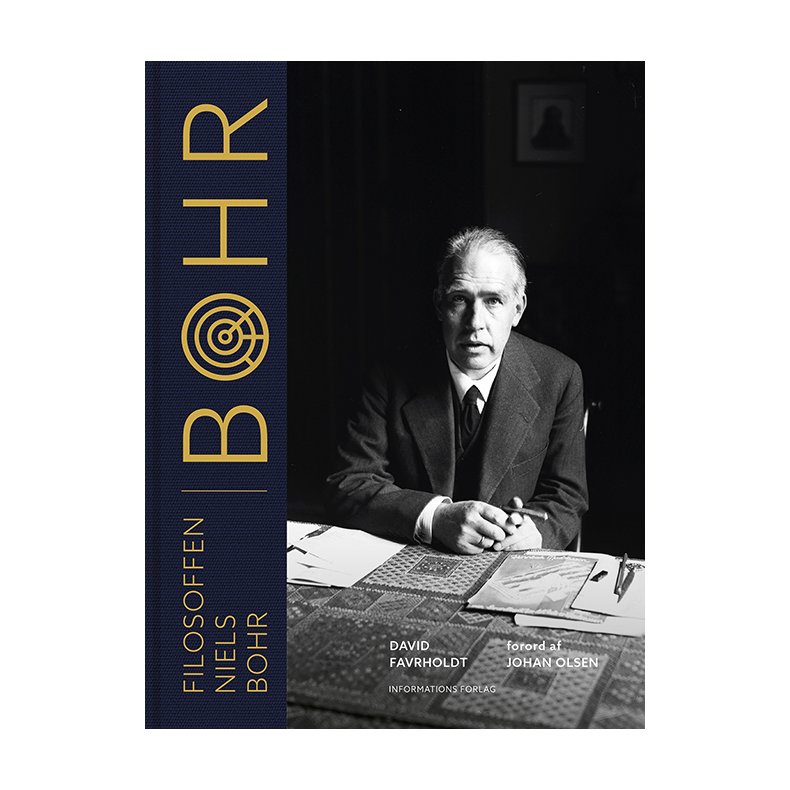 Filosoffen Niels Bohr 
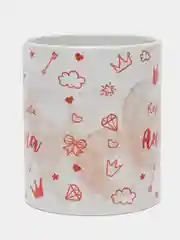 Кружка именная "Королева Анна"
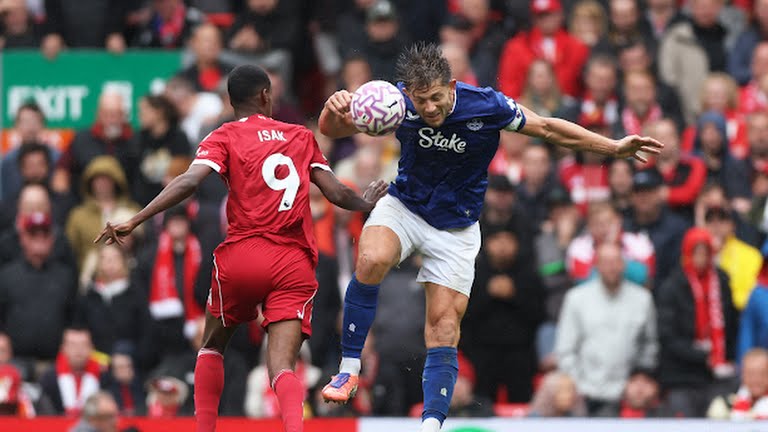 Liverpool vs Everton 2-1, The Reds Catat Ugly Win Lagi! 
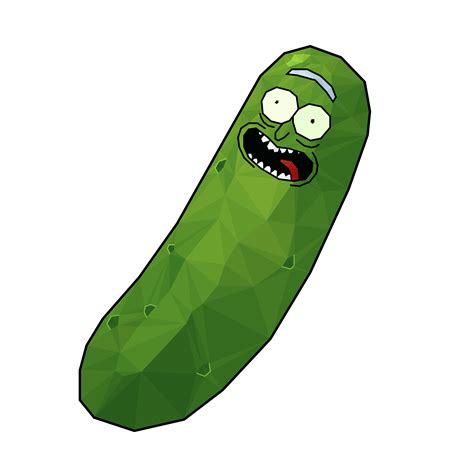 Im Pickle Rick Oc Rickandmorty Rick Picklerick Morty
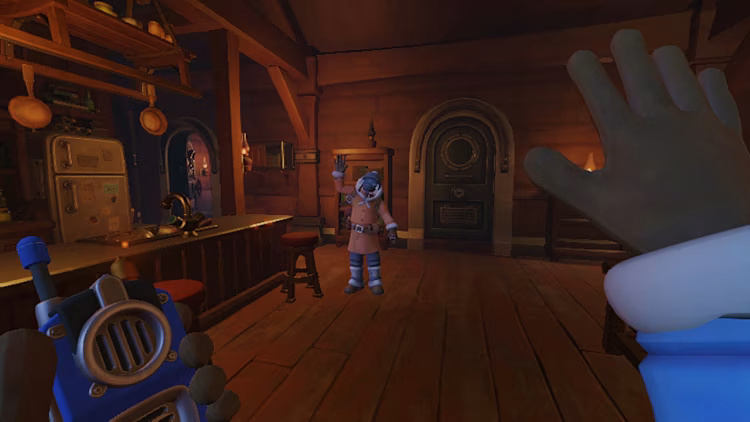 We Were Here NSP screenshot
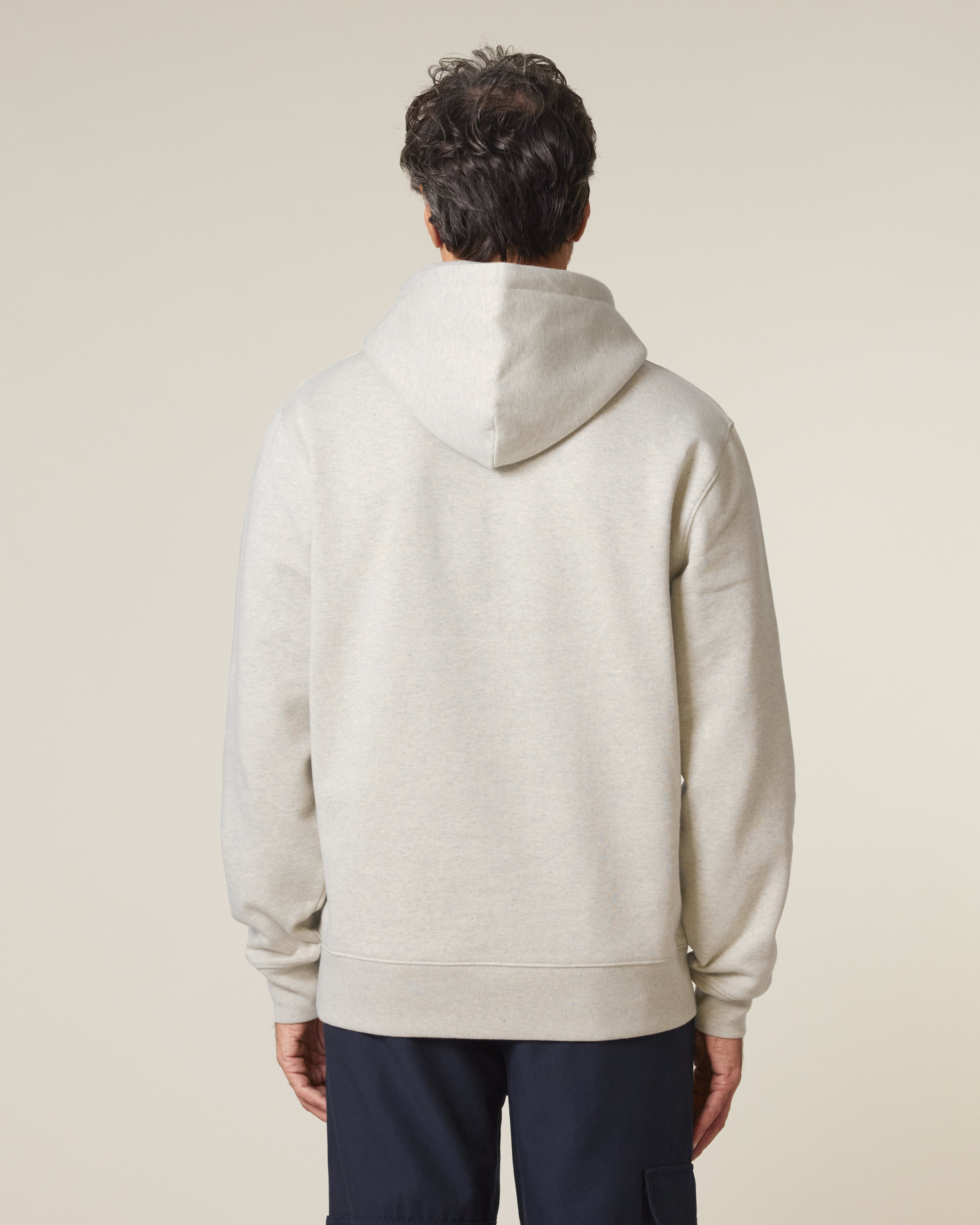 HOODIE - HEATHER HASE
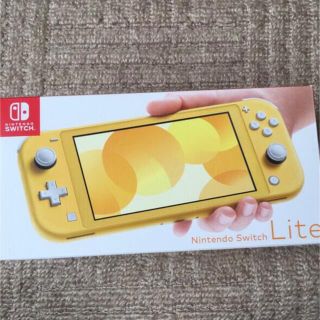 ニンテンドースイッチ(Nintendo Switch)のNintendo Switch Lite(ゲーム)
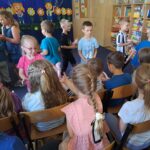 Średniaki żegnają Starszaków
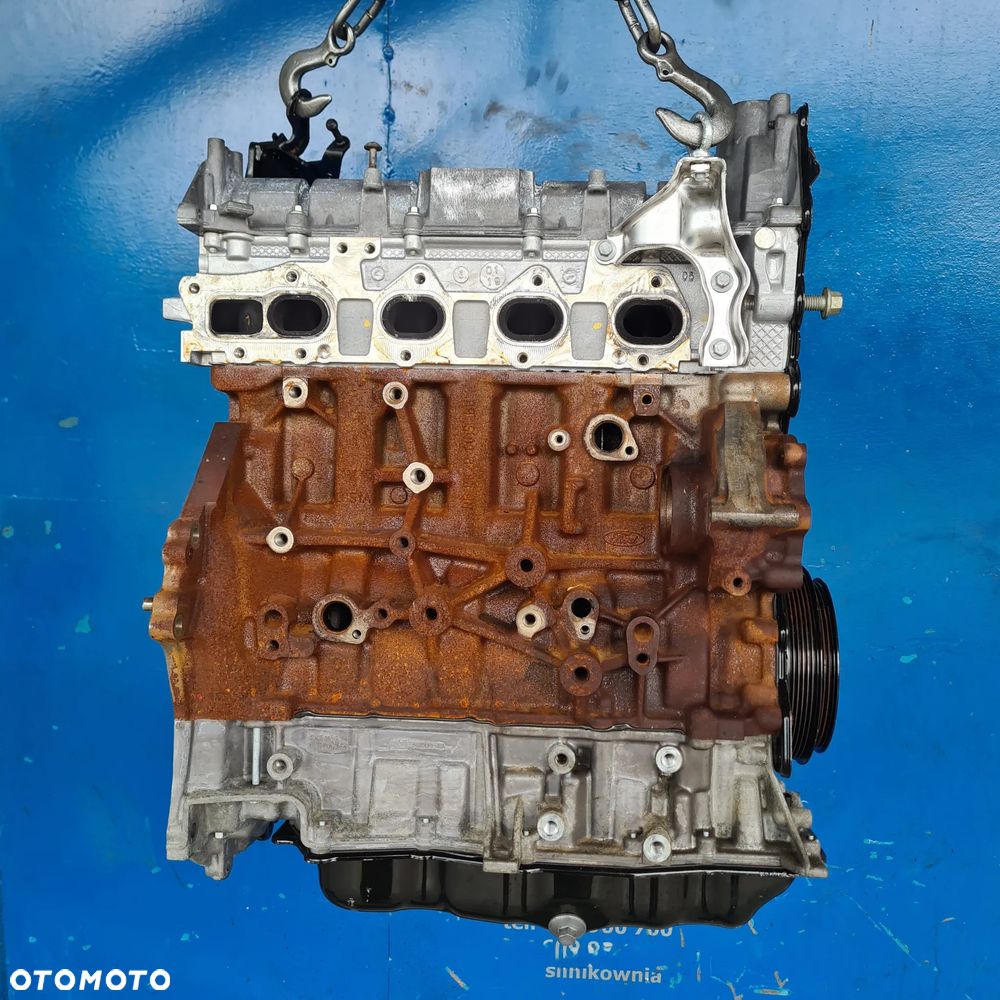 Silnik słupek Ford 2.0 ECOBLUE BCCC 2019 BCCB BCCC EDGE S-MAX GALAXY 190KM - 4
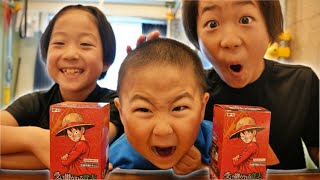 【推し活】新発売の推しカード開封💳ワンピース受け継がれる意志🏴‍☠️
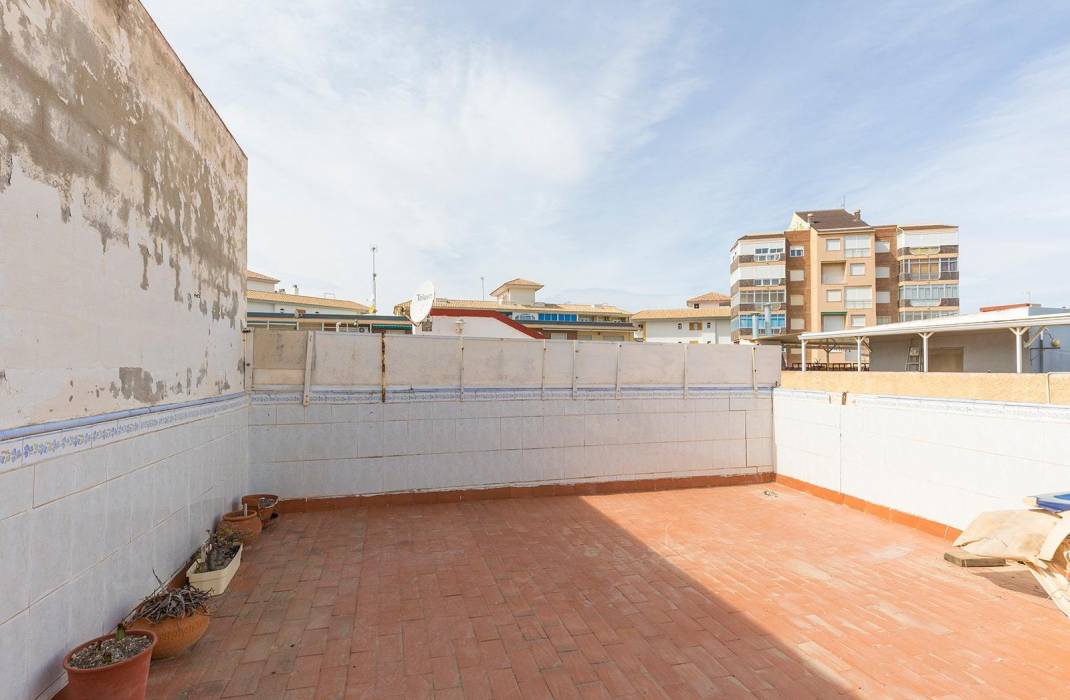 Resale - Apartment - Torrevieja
◆ ◆ ◆ ◆
To do =>
Excluding pictures, reproduce the listing above exactly as it stands.

Result for this task =>
 Filosoffen Niels Bohr 
 Кружка именная "Королева Анна"
 Liverpool vs Everton 2-1, The Reds Catat Ugly Win Lagi! 
 Im Pickle Rick Oc Rickandmorty Rick Picklerick Morty
 We Were Here NSP screenshot
 HOODIE - HEATHER HASE
 ニンテンドースイッチ(Nintendo Switch)のNintendo Switch Lite(ゲーム)
 Średniaki żegnają Starszaków
 Silnik słupek Ford 2.0 ECOBLUE BCCC 2019 BCCB BCCC EDGE S-MAX GALAXY 190KM - 4
 【推し活】新発売の推しカード開封💳ワンピース受け継がれる意志🏴‍☠️
 Resale - Apartment - Torrevieja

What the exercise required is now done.